No one really has an answer. Usually I’ll get a muddled “I know, I know . . . ” that trails off into nothing. Sometimes I’ll get an exhale through the consonant sound “psh” or a quick expression of embarrassment. I think it’s because no one wants to admit the real reason: they forgot about it.
I don’t mean they forgot like you forgot where you left your keys, or forgot the lyrics to a song. I mean like the got distracted with other things and, well, they just kinda never got around to it. I’m not very old, but I’m old enough to know that “never getting around to it” is the death knell of everything grand you ever thought you might do.

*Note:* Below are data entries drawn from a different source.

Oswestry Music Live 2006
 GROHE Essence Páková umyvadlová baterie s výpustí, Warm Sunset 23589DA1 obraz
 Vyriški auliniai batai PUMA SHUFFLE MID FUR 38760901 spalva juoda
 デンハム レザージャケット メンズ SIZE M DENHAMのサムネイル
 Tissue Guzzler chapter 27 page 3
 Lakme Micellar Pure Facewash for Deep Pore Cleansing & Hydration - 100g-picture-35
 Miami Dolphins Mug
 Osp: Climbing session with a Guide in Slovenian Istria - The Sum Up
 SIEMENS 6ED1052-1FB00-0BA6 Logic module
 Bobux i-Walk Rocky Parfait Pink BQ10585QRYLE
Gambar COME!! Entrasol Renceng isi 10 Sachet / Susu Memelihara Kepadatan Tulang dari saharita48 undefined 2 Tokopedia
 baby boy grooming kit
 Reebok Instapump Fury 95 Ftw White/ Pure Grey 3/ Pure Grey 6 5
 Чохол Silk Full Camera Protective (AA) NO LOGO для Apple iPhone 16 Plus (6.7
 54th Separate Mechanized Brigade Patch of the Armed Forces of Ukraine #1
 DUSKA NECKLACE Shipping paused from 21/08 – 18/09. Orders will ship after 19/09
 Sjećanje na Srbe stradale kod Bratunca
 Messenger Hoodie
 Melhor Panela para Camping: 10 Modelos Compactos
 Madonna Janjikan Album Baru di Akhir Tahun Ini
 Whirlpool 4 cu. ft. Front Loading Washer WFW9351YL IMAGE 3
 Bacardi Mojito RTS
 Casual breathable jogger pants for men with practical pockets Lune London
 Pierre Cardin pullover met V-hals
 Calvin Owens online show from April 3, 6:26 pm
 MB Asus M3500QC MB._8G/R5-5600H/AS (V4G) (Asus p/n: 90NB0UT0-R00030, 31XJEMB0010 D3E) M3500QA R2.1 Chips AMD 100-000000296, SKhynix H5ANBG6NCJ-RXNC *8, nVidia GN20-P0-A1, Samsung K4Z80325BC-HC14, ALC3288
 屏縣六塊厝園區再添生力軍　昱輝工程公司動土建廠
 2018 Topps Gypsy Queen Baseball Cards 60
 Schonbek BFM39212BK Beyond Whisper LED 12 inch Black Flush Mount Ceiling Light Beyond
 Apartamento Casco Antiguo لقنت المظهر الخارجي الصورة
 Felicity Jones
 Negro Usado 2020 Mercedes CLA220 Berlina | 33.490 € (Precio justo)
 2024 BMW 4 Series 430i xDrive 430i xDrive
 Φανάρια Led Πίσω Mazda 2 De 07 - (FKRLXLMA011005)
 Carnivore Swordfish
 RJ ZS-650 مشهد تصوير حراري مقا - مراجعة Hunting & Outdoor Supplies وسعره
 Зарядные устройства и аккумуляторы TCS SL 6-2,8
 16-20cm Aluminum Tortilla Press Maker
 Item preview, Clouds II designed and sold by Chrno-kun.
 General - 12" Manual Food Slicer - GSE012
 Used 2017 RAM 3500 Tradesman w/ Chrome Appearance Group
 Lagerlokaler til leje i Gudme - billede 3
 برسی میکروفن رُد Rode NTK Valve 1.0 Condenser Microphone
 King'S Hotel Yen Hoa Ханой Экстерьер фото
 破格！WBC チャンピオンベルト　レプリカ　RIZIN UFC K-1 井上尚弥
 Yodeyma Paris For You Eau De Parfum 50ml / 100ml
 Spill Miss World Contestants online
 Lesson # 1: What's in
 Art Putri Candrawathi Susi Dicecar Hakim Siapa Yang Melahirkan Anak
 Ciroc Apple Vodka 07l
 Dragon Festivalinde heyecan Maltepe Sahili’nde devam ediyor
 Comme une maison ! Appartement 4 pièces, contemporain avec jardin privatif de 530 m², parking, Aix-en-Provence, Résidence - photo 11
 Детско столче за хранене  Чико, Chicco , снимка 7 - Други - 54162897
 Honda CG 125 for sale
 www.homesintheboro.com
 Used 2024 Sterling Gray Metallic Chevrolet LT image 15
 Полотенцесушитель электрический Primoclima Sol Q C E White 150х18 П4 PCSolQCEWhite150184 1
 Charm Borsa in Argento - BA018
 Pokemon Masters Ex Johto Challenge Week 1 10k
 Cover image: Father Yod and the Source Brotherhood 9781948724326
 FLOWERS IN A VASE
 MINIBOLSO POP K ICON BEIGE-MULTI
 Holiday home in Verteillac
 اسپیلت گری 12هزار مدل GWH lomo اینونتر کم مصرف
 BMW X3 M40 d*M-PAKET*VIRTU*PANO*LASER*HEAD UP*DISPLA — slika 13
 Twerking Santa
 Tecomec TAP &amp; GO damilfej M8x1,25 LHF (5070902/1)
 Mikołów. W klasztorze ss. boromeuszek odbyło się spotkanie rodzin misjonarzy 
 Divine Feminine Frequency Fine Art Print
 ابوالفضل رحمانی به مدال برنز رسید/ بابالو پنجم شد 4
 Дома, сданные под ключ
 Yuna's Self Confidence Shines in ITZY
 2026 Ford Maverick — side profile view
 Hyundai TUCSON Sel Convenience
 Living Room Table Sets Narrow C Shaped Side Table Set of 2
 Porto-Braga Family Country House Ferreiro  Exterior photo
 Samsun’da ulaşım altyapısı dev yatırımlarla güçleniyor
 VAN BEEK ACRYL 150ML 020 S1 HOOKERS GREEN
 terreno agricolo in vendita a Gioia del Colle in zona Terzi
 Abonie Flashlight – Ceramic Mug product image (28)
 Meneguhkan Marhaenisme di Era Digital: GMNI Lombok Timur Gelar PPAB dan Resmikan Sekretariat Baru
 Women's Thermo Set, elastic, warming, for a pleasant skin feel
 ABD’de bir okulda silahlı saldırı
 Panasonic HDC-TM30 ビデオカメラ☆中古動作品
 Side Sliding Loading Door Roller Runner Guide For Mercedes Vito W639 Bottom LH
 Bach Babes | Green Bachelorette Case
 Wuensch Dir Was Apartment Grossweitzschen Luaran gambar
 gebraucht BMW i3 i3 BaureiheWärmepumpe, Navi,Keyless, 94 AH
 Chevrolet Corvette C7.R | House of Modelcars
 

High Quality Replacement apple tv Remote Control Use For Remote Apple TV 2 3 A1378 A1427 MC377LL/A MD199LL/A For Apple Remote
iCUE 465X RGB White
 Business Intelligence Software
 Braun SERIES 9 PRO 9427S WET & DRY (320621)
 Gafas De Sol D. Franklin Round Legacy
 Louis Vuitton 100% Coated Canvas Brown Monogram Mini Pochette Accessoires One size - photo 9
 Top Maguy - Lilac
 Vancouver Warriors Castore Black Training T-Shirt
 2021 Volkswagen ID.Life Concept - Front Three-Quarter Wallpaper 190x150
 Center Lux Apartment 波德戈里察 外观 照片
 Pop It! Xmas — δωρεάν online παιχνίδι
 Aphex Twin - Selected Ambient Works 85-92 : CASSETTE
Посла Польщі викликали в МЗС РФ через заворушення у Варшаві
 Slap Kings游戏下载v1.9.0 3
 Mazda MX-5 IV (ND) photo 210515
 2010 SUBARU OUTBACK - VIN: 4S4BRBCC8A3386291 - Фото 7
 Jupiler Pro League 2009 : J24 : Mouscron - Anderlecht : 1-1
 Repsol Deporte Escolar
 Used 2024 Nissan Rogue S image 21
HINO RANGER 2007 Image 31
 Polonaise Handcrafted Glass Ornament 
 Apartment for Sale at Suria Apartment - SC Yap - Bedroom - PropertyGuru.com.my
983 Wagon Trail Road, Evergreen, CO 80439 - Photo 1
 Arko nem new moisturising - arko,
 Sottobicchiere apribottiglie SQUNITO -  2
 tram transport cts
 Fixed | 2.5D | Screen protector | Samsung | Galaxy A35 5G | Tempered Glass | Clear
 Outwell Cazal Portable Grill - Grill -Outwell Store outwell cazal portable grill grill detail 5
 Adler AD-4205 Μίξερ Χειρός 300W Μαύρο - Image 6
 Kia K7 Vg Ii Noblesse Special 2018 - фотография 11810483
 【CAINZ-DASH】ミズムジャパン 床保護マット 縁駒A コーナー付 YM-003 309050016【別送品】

I’ve been getting a lot of credit recently for being brave enough to go on this trip (their words, not mine). But that doesn’t mask all the other times I’ve managed to not get around to something incredibly important. Like how I wanted to talk to the 99-year-old woman at church about her life, but I never got around to it between when the thought occurred to me and when she died some three years later. I had three years to do it, but I just sort of forgot.
Like how I wanted to have the same conversation with my grandpa, who is now pretty deep into dementia, and whose responses can no longer be accepted as fact. I had years to do that, too.
I had years to write a novel, years to learn to dance, years to play the guitar or speak French or read Jane Eyre. Over time I managed to do some of those, at least partially. But I spent so long not doing them, and when I look back, I can’t seem to recall what I did do with all that time. I suppose you just get so caught up in the things that are easy and the things that seem pressing that you just sort of forget the things that you thought would make your life worth living.
Tomorrow I leave on my adventure. Don’t forget to go on yours.